Ezekiel 18:19-32 · John 8:33-51 · Psalm 101

Sermon

The Scriptures are written according to the doctrine of appearances, that is, according to how Divine things appear to us in our natural states. This means that we must have some principles from which we may judge, principles which will enable us to determine what sin is and what goodness and truth are in themselves. An immutable standard is necessary by which we can measure and determine questions concerning human conduct and character, and their good or evil results.

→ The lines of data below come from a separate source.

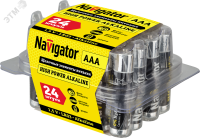 Батарейка NBT-NE-LR03-BOX24 Navigator Group 94787 17798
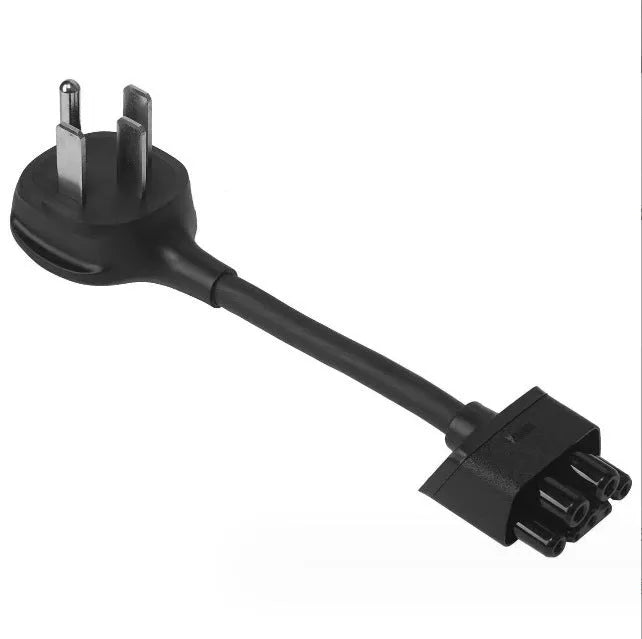American standard to car charger adapter cable with copper core and 3.5mm polyethylene sheathing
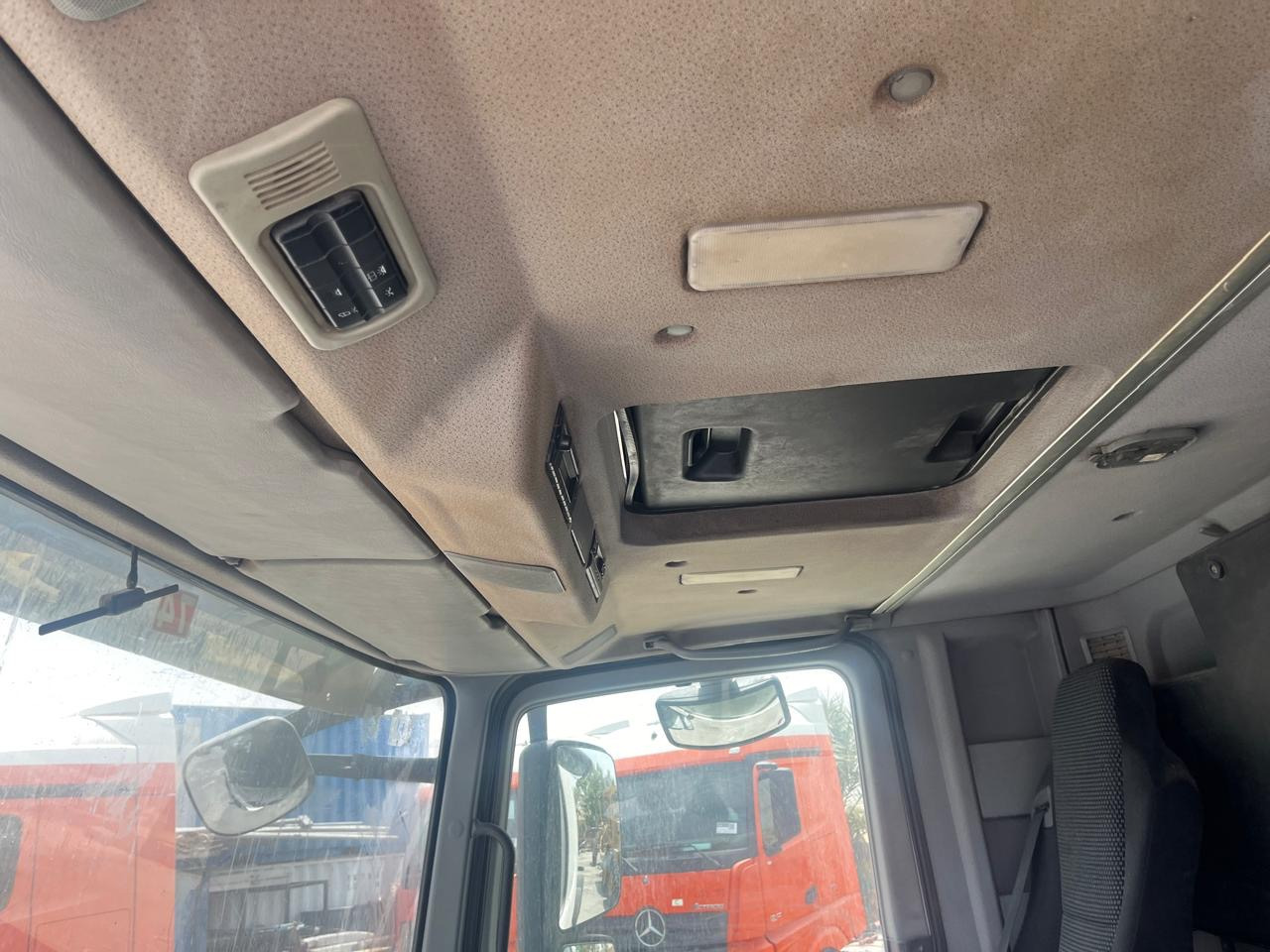 MERCEDES-BENZ Actros 3340 - Шаси кабина: снимка 5 MERCEDES-BENZ Actros 3340 - Шаси кабина: снимка 5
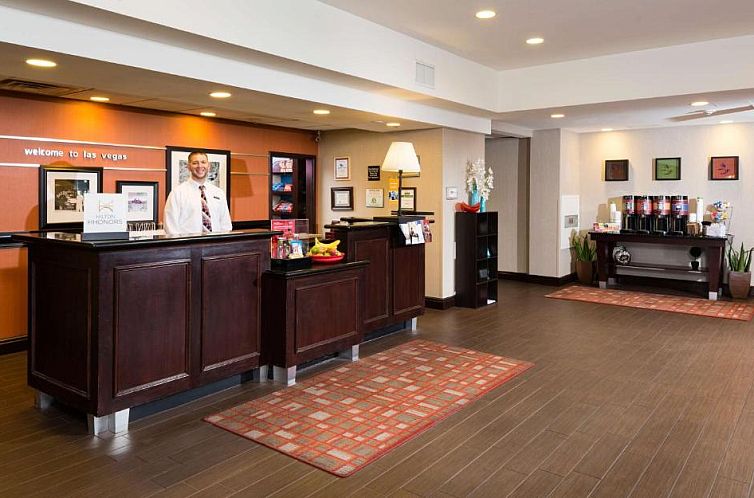 Hampton Inn & Suites Las Vegas South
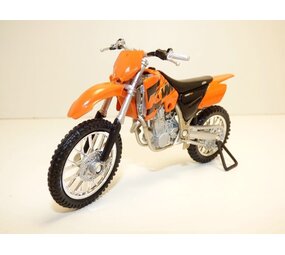 KTM KTM 450 SX Racing - 1:18 - Welly KTM KTM 450 SX Racing - 1:18 - Welly
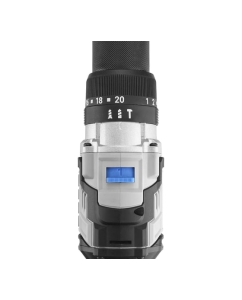 Купить Дрель-шуруповерт аккумуляторная ударная бесщеточная DEKO DKCID20 PRO, 20В, 135 Нм, 1x4.0Ач 085-1068  в E-mobi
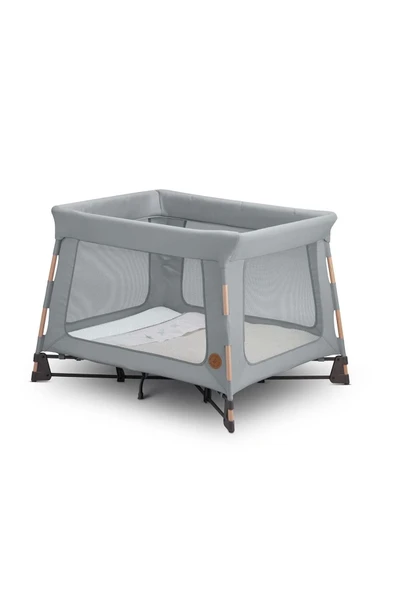 MAXİ-COSİ Swift 3-in-1 Çift Katlı Park Yatak / Beyond Grey - Resim 2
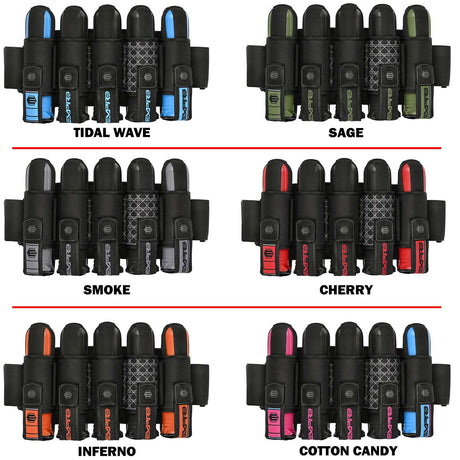Empire Compressor harness 5+8 in many colors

That standard is the Lord Himself. “The way of the Lord is perfect.” He changes not. He is “the way, the truth, and the life.” We are created in His image and likeness. Here we must not think of outward form. The sculptor can cut an image of a man from a block of marble, but the likeness is only on the surface. The Divine qualities are finited in us. We are recipients of the Lord’s love and wisdom. All our faculties and powers are from Him. But there is this difference: the Lord is infinite but we are finite. We are created, and have no underived life; the Lord is uncreated and is Life itself. We are so formed that we can continue to approach our Creator in the power and excellence of all our faculties and joys, but we shall always be finite and we can never be more than recipients of life.

What is required of us is that we use the life and power we receive as the Lord would have us use them. To the extent that one does this he is upright, just, and righteous, for he lives and moves in the currents of the Divine providence.